In April of 2019, the Event Horizon Telescope collaboration history made history when it released the first image of a black hole ever taken. This accomplishment was decades in the making and triggered an international media circus. The picture was the result of a technique known as interferometry, where observatories across the world combined light from their telescopes to create a composite image.
This image showed what astrophysicists have predicted for a long time, that extreme gravitational bending causes photons to fall in around the event horizon, contributing to the bright rings that surround them. Last week, on March 18th, a team of researchers from the Harvard-Smithsonian Center for Astrophysics (CfA) announced new research that shows how black hole images could reveal an intricate substructure within them.

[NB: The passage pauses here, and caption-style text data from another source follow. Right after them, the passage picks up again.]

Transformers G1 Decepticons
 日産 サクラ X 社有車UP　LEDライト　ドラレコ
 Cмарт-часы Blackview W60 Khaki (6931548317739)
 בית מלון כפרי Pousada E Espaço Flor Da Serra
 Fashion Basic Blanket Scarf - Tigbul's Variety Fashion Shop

The study that describes their findings, titled “Universal interferometric signatures of a black hole’s photon ring,” recently appeared in the journal Science Advances. The team was led by Michael Johnson, an astrophysicist with the CfA, and induced members from Harvard’s Black Hole Initiative (BHI), Los Alamos National Laboratory, Princeton Center for Theoretical Science, and multiple universities.
As Johnson explained in a recent CfA press release:
“The image of a black hole actually contains a nested series of rings. Each successive ring has about the same diameter but becomes increasingly sharper because its light orbited the black hole more times before reaching the observer. With the current EHT image, we’ve caught just a glimpse of the full complexity that should emerge in the image of any black hole.”
As the law of General Relativity tells us, gravitational fields alter the curvature of spacetime. In the case of a black hole, the effect is extreme and causes even light (photons) to infall around them. These photons cast a shadow on the bright ring of infalling gas and dust that is accelerated to relativistic speeds by the black hole’s gravity.
Around this shadowed region is a “photon ring” produced from photons that are concentrated by the strong gravity near the black hole. This ring can tell astronomers a lot about a black hole’s since its size and shape reveal the mass and rotation (aka. “spin”) of the black hole. Because of the EHT images, black hole researchers now have a tool with which to study black holes.
Since the 1950s, astronomers have learned a great deal about them by studying the effect they have on their surrounding environment. In other words, the study of black holes has been indirect and theoretical in nature. But with the ability to take images of these celestial objects, astronomers can finally study them directly and glean real data.
George Wong, a physics graduate student at the University of Illinois at Urbana-Champaign, was responsible for developing software to produce simulated black hole images. This software is what allowed for images that were of the highest resolution to date to be computed and allowed their team to decompose them into the predicted series of sub-images. As Wong indicated:
“Bringing together experts from different fields enabled us to really connect a theoretical understanding of the photon ring to what is possible with observation. What started as classic pencil-and-paper calculations prompted us to push our simulations to new limits.”
What was especially surprising to the researchers, however, was how the substructure revealed by the black hole image creates new opportunities for research. While the subrings they revealed are normally invisible to the naked eye on images, they produce very clear signals when observed by arrays of telescopes using interferometry.
This presents astronomers with a relatively easy way to expand on the work conducted by the EHT collaboration thus far. “While capturing black hole images normally requires many distributed telescopes, the subrings are perfect to study using only two telescopes that are very far apart,” said Johnson. “Adding one space telescope to the EHT would be enough.”
The fields of astronomy and astrophysics have experienced multiple revolutions in recent years. Between the first-ever observations of interstellar objects, the confirmation of gravitational waves, and the first direct observations of a black hole. These firsts have enabled research that promises to unlock a number of enduring mysteries about the cosmos.
The team’s research was made possible in part by grants issued by NASA, the National Science Foundation (NSF), the Department of Energy (DoE), and multiple scientific and research foundations.